__What you should do__.
Repeat the records below exactly from the line containing "Close-up of Bad" to the line containing "Construction crew members", taking in both of those lines. Drop the pictures.
Top of Input records
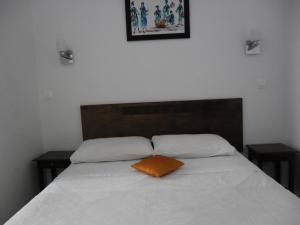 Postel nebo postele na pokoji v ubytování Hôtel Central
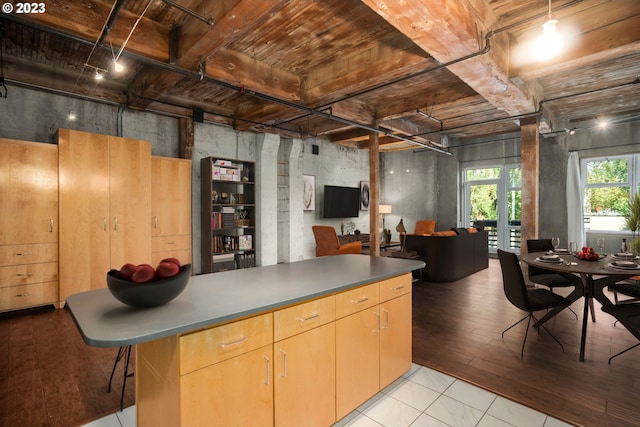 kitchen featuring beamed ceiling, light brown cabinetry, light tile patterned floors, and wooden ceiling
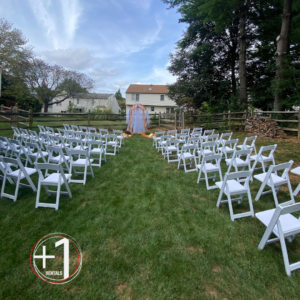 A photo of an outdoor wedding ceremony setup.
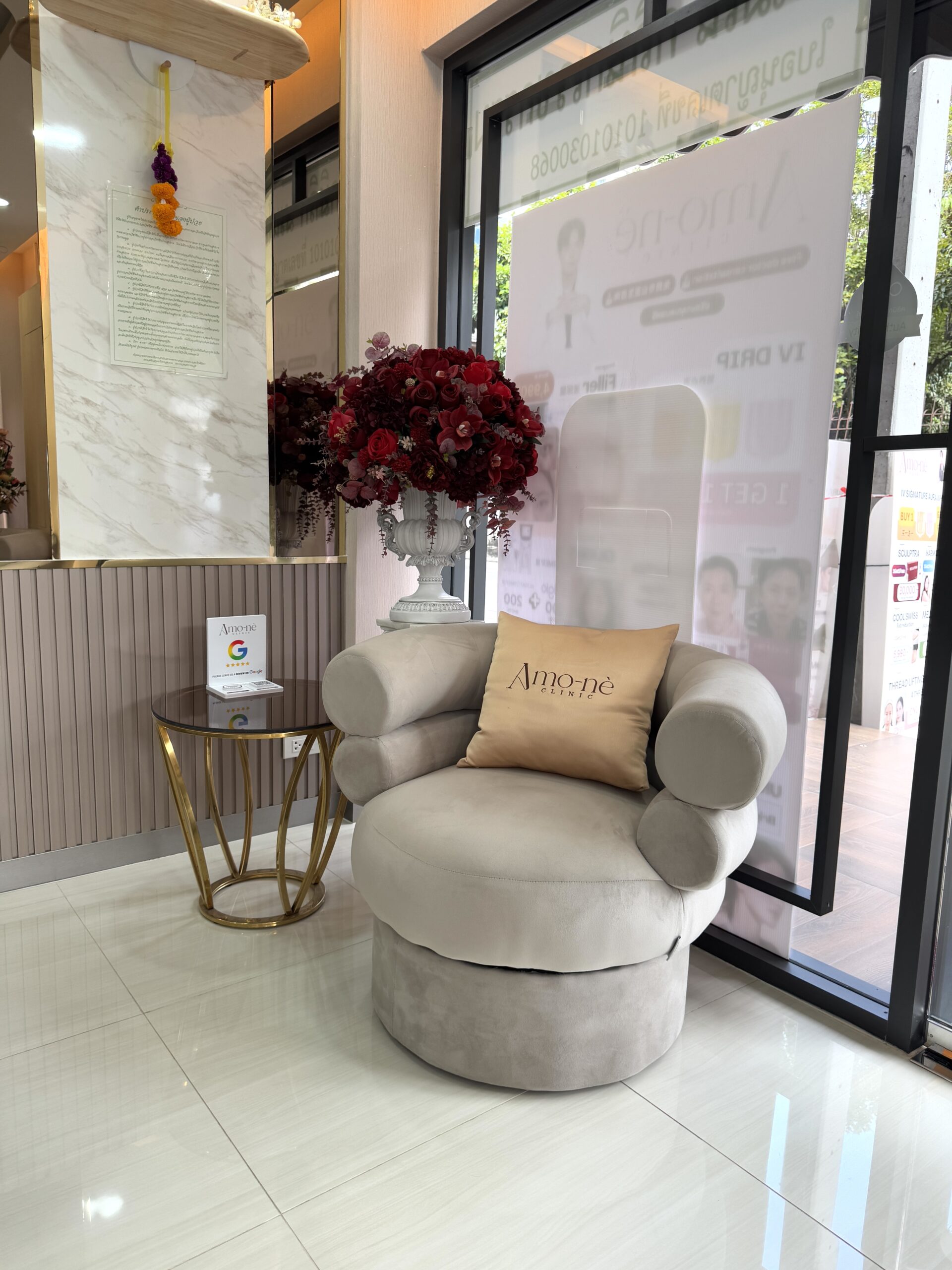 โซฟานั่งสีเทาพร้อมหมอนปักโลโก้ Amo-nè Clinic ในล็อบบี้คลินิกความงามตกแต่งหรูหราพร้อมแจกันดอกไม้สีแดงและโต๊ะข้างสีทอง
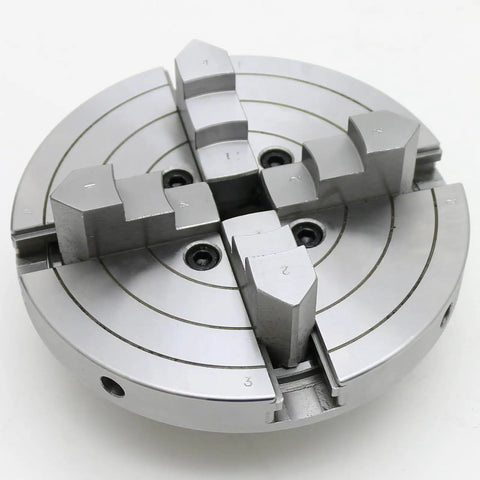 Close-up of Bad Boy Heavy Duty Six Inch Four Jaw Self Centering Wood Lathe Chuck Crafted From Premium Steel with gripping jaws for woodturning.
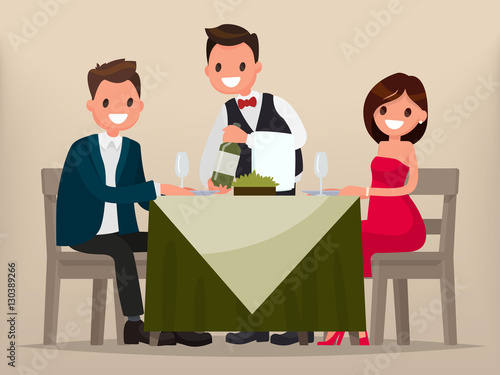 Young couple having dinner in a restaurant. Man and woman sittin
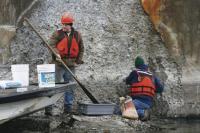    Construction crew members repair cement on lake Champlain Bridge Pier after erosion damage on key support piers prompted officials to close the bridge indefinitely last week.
Bottom of Input records
Top of Input records
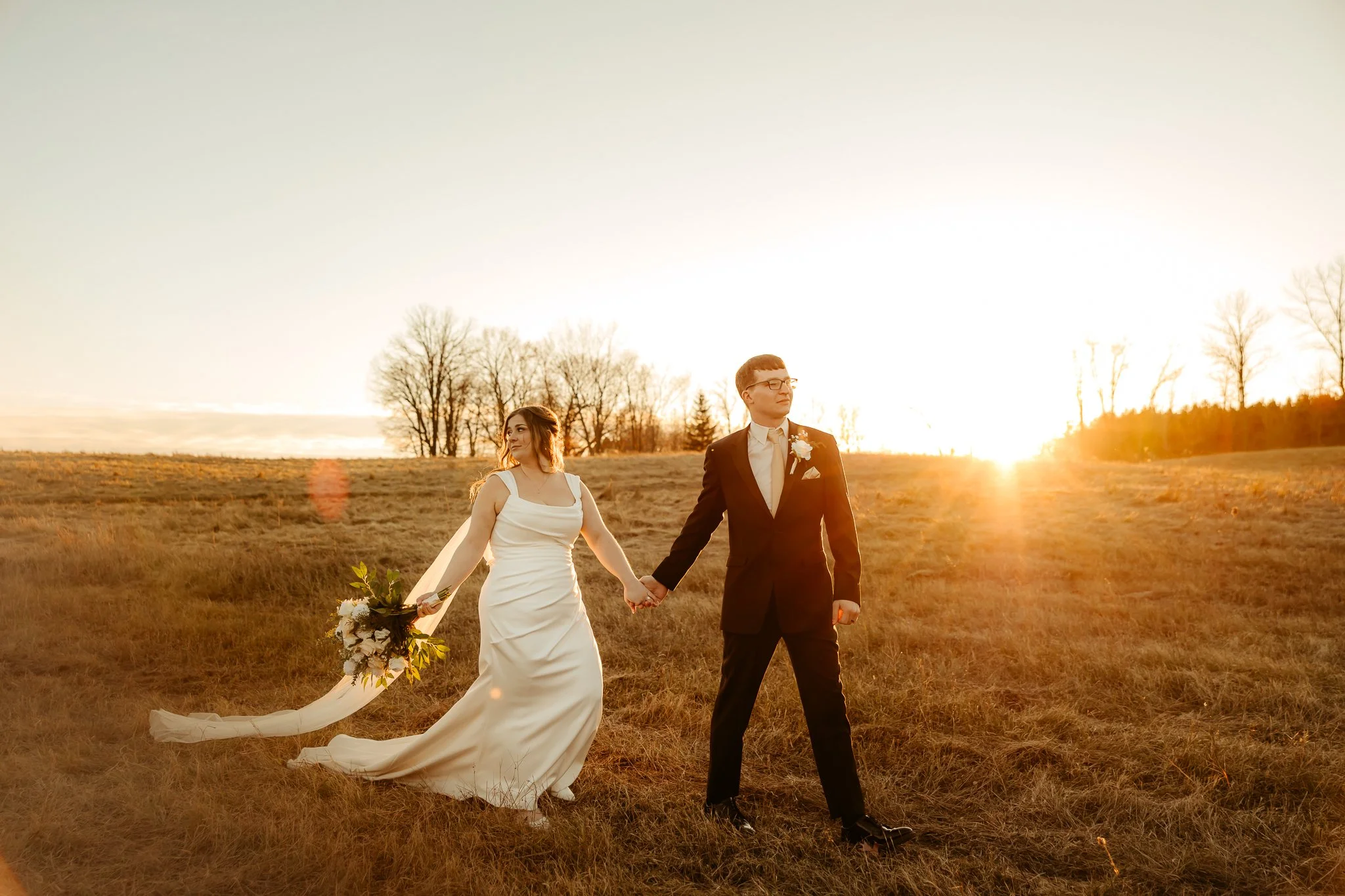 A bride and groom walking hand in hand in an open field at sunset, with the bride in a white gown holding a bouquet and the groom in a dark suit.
Bottom of Input records
Top of Input records
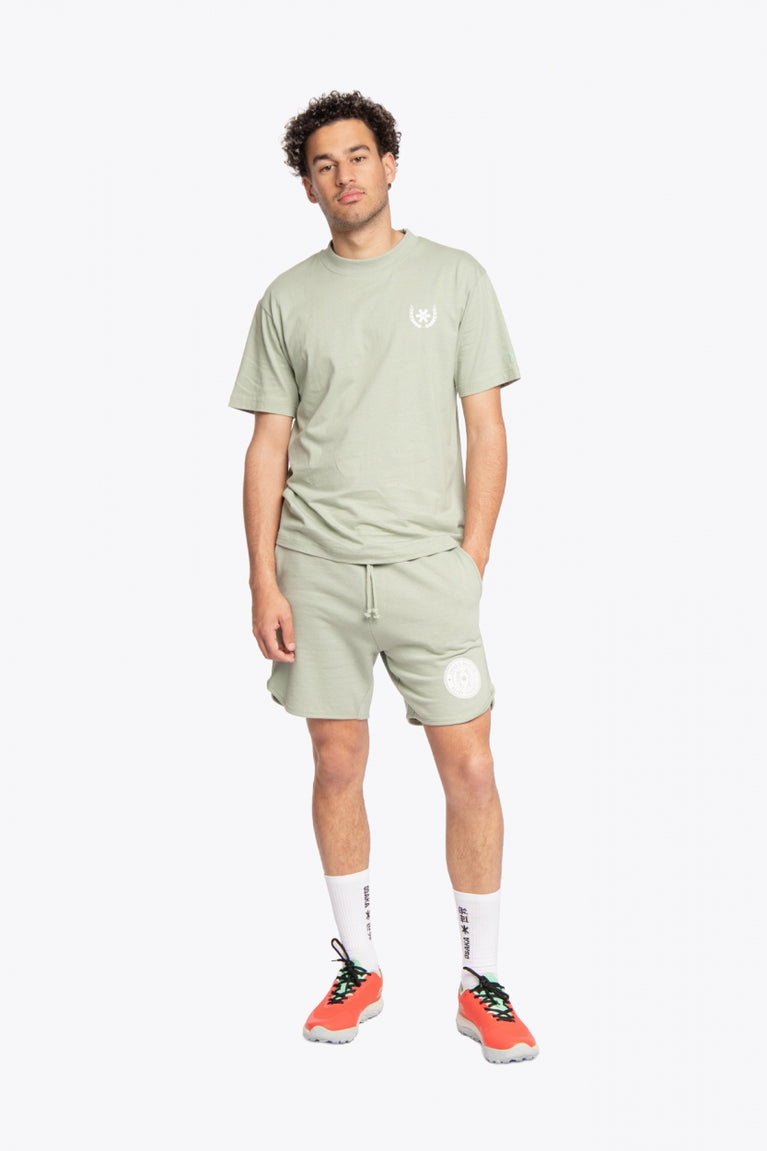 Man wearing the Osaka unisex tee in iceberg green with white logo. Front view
Bottom of Input records
__Expected answer__.
 Close-up of Bad Boy Heavy Duty Six Inch Four Jaw Self Centering Wood Lathe Chuck Crafted From Premium Steel with gripping jaws for woodturning.
 Young couple having dinner in a restaurant. Man and woman sittin
    Construction crew members repair cement on lake Champlain Bridge Pier after erosion damage on key support piers prompted officials to close the bridge indefinitely last week.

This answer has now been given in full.